- [Task inputs]:
+--

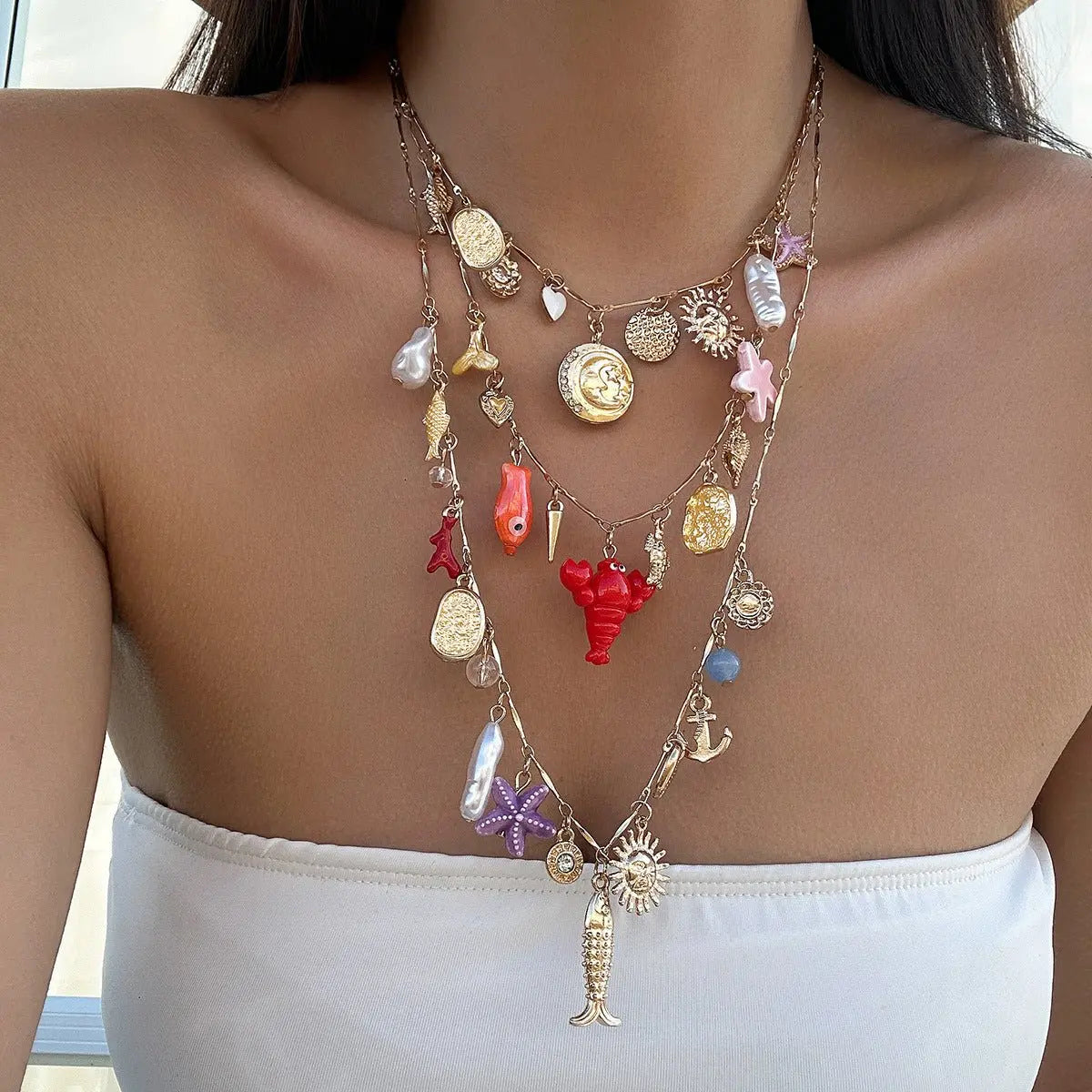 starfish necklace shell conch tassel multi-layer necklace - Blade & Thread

+--

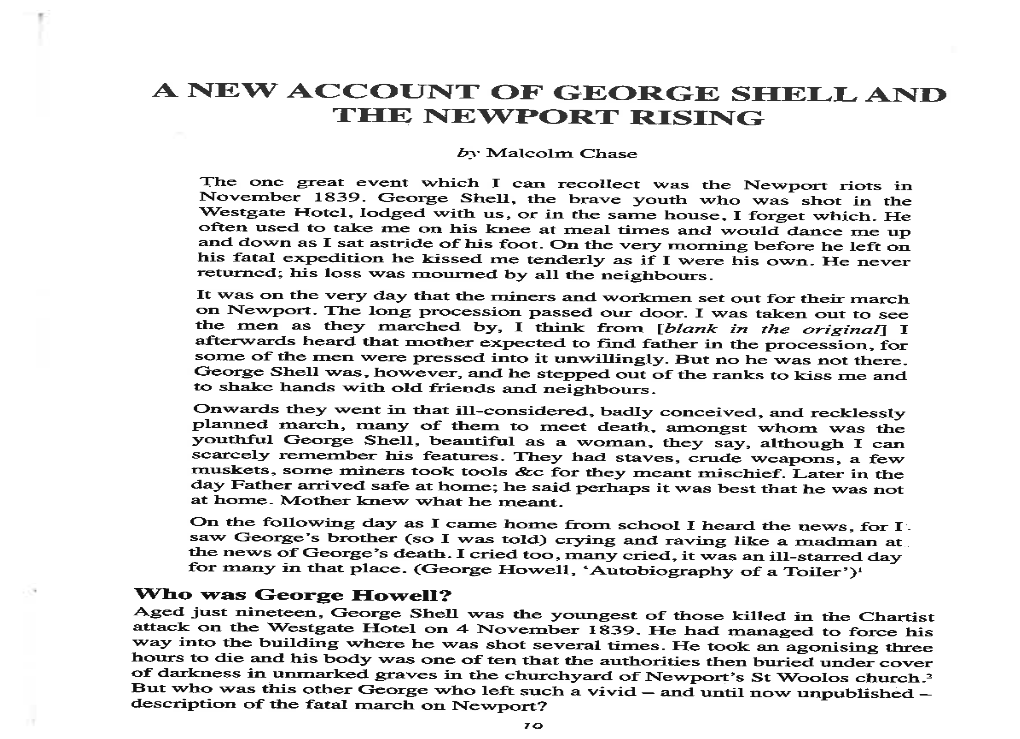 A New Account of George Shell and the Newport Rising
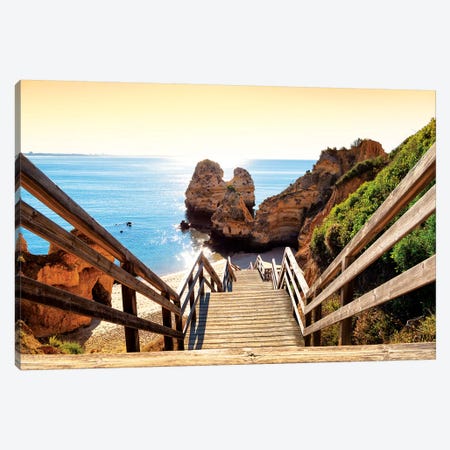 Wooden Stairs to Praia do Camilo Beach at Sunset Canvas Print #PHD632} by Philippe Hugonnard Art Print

+--

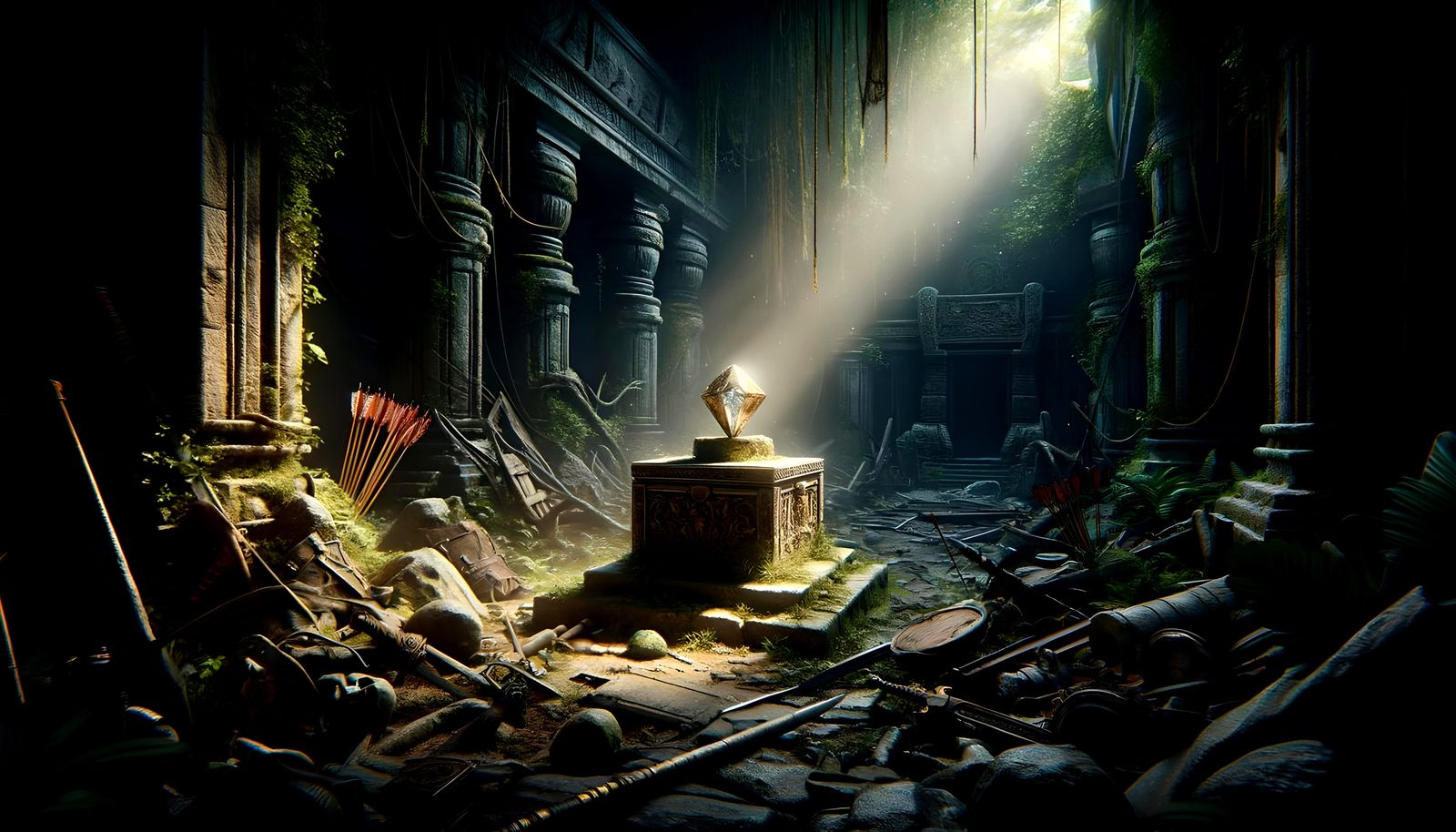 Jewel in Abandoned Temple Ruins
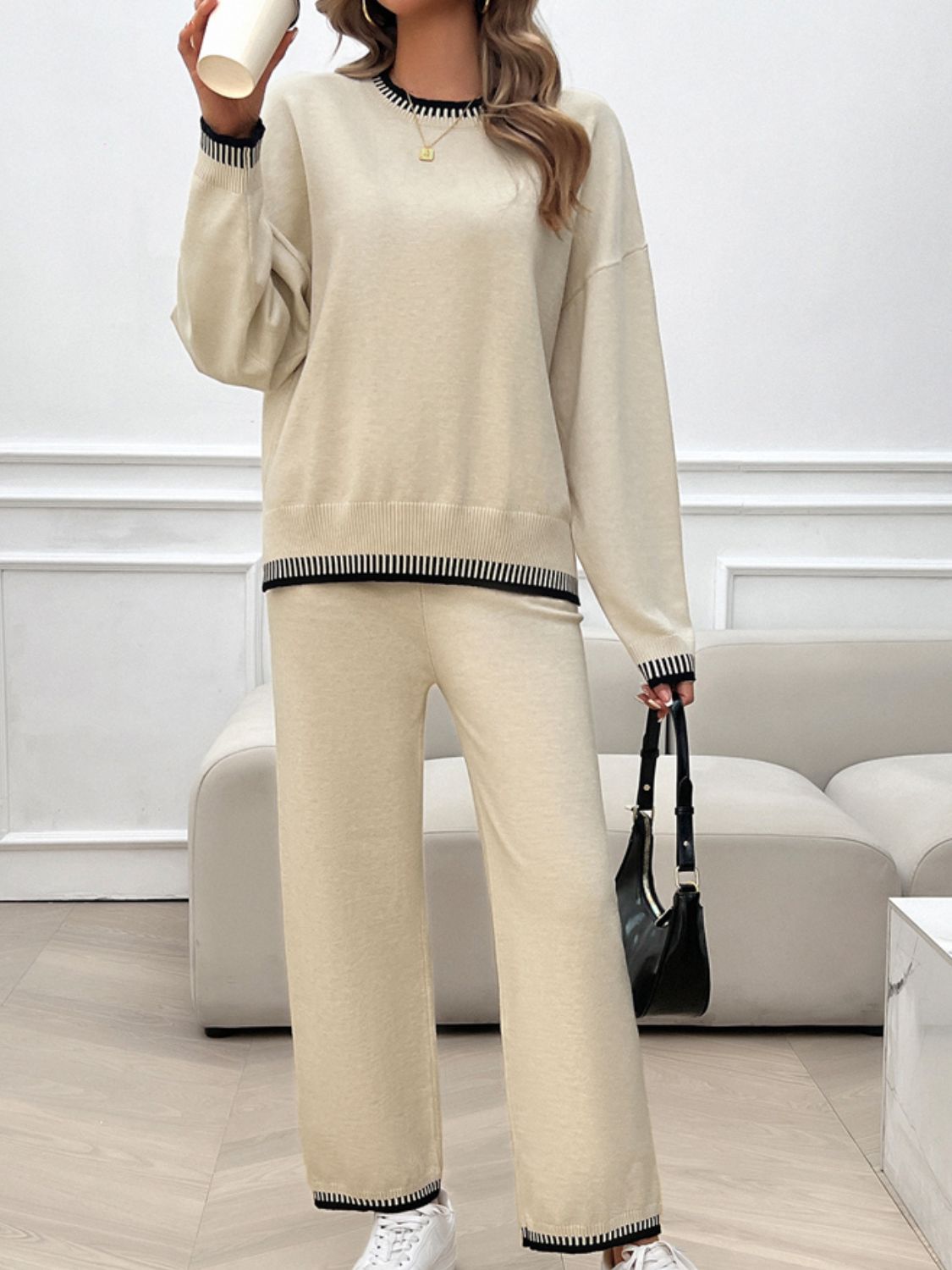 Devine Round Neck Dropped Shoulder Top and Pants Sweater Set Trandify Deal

+--

- [Activity]:
Since the pictures are not part of the copy, please transcribe only the lines above from the one with "Jewel in Abandoned Temple Ruins" through the one with "Devine Round Neck", exactly and with both ends.

- [Result]:
 Jewel in Abandoned Temple Ruins
 Devine Round Neck Dropped Shoulder Top and Pants Sweater Set Trandify Deal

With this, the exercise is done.